> _Provided entries_
----------------------------------------

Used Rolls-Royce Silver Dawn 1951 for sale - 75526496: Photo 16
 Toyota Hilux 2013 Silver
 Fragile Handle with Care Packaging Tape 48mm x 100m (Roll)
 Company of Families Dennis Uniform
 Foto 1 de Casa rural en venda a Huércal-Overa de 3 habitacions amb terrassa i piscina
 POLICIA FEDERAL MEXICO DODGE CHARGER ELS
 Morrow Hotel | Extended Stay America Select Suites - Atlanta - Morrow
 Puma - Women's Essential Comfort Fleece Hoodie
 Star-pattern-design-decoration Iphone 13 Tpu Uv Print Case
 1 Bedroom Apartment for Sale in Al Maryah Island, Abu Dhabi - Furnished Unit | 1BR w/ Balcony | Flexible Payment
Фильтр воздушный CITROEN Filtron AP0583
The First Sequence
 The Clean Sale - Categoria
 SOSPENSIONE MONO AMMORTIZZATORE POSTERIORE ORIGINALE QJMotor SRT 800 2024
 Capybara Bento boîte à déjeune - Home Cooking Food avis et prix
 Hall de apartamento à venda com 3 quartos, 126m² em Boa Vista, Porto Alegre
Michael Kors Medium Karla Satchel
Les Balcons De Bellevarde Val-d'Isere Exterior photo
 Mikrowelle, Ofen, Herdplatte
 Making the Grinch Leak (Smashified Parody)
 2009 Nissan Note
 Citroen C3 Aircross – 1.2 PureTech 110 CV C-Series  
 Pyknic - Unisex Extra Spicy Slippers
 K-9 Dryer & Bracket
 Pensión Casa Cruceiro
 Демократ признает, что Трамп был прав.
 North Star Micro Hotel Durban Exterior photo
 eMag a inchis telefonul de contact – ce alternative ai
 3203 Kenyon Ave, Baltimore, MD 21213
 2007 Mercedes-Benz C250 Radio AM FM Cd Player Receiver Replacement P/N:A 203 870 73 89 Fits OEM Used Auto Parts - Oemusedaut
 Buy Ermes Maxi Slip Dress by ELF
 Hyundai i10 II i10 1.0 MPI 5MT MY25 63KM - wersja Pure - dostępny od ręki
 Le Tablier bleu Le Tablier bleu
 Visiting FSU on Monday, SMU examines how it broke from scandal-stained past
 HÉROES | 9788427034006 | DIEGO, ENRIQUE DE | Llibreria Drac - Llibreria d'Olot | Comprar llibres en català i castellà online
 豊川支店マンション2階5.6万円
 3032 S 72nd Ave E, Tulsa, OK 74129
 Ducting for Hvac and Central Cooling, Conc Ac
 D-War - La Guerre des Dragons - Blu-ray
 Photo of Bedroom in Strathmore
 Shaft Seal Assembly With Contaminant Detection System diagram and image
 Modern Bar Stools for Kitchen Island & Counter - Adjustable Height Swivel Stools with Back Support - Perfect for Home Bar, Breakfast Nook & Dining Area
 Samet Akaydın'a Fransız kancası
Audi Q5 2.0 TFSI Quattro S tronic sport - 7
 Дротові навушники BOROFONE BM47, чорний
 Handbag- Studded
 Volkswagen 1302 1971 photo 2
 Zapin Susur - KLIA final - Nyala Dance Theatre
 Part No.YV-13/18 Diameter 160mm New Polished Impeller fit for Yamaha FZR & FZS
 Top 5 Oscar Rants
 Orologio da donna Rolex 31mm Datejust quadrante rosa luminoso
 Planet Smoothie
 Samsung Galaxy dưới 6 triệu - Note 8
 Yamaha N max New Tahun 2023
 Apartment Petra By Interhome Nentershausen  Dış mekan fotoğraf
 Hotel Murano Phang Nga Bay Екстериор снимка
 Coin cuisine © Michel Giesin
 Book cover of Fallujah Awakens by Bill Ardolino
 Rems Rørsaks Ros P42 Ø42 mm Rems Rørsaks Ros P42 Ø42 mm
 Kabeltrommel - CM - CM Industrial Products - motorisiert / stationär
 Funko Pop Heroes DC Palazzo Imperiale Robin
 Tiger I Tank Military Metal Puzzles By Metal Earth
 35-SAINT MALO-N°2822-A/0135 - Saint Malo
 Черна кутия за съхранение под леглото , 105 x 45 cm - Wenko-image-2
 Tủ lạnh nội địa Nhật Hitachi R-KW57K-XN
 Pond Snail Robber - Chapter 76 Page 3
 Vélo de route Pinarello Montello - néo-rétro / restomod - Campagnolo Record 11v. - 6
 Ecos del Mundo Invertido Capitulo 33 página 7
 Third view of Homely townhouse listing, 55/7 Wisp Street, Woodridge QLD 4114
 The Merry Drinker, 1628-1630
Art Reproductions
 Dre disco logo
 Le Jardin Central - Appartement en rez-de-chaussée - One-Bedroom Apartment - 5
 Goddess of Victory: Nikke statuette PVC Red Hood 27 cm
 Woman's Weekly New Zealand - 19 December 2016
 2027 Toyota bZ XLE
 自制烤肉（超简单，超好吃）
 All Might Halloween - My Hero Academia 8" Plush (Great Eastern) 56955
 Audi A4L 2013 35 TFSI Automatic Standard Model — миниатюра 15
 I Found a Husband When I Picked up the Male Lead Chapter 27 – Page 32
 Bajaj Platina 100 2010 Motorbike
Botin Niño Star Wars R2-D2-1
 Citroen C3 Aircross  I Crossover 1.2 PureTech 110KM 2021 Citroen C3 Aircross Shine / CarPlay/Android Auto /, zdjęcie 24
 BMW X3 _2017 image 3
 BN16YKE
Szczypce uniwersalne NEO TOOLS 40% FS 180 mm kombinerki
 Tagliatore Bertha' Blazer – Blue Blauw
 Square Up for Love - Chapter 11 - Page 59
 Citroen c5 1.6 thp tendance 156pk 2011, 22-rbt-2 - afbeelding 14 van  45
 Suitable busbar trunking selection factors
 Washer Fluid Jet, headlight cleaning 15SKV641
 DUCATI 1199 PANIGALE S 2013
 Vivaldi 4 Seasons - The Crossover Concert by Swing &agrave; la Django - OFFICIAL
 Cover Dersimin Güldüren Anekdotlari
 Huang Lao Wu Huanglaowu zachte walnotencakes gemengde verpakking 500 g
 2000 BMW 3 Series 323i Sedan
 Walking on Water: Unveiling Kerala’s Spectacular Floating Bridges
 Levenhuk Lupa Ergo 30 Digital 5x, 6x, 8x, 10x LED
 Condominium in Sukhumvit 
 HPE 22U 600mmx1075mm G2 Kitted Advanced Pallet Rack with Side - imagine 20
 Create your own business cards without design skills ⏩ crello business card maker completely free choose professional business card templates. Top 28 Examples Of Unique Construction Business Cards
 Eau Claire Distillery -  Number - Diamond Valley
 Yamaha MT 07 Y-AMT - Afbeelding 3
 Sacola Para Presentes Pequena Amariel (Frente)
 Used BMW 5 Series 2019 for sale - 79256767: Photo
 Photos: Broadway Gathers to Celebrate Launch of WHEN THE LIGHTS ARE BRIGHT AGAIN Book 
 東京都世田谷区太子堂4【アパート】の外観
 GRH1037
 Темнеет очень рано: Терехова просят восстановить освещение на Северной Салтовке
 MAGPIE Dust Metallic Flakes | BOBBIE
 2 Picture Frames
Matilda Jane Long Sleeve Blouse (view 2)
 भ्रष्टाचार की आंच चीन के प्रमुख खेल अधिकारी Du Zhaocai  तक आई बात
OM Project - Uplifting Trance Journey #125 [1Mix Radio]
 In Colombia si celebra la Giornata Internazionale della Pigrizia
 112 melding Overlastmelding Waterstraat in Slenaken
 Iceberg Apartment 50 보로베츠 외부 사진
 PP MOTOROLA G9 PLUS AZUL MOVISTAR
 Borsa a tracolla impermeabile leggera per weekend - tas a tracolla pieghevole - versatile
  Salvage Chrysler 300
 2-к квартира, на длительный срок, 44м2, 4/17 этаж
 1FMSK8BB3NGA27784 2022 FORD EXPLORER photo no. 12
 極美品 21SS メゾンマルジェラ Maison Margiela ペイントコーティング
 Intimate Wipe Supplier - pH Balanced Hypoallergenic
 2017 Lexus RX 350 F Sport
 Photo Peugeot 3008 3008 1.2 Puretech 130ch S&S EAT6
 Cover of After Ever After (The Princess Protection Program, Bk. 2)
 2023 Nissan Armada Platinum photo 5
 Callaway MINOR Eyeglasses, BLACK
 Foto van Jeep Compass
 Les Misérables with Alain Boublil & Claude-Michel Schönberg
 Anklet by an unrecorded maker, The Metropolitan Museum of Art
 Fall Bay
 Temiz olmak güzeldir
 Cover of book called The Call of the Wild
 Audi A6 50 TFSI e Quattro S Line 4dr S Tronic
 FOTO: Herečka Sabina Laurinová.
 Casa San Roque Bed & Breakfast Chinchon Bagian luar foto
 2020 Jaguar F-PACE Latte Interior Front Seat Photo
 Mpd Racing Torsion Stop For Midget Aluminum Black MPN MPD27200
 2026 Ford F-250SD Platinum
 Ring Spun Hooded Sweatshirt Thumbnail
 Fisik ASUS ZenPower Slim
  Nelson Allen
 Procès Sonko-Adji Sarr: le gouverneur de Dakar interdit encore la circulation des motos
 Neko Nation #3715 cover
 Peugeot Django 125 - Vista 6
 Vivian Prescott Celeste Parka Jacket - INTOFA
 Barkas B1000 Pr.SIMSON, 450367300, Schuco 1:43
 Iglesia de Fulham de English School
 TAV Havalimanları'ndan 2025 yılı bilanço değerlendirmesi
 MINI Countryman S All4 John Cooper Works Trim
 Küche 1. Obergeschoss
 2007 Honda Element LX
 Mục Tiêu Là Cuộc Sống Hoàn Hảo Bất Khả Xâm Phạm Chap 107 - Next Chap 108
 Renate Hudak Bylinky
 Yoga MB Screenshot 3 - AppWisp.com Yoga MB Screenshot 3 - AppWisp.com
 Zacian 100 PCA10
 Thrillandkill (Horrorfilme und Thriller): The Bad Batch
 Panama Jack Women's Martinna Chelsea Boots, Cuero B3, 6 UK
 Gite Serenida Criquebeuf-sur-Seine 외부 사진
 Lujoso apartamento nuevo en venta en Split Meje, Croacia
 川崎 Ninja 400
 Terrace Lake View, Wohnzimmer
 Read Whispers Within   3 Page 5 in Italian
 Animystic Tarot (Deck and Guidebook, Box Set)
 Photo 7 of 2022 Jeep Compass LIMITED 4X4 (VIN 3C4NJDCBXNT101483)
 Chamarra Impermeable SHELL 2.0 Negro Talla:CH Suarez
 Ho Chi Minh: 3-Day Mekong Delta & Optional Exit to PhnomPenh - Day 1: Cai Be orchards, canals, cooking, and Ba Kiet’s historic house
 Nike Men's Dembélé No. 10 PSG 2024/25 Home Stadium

----------------------------------------

> _Assignment_
Beginning with the line containing "Art Reproductions" and ending with the line containing "All Might Halloween", extract those lines exactly from the listing above, and only those.

> _Reply_
Art Reproductions
 Dre disco logo
 Le Jardin Central - Appartement en rez-de-chaussée - One-Bedroom Apartment - 5
 Goddess of Victory: Nikke statuette PVC Red Hood 27 cm
 Woman's Weekly New Zealand - 19 December 2016
 2027 Toyota bZ XLE
 自制烤肉（超简单，超好吃）
 All Might Halloween - My Hero Academia 8" Plush (Great Eastern) 56955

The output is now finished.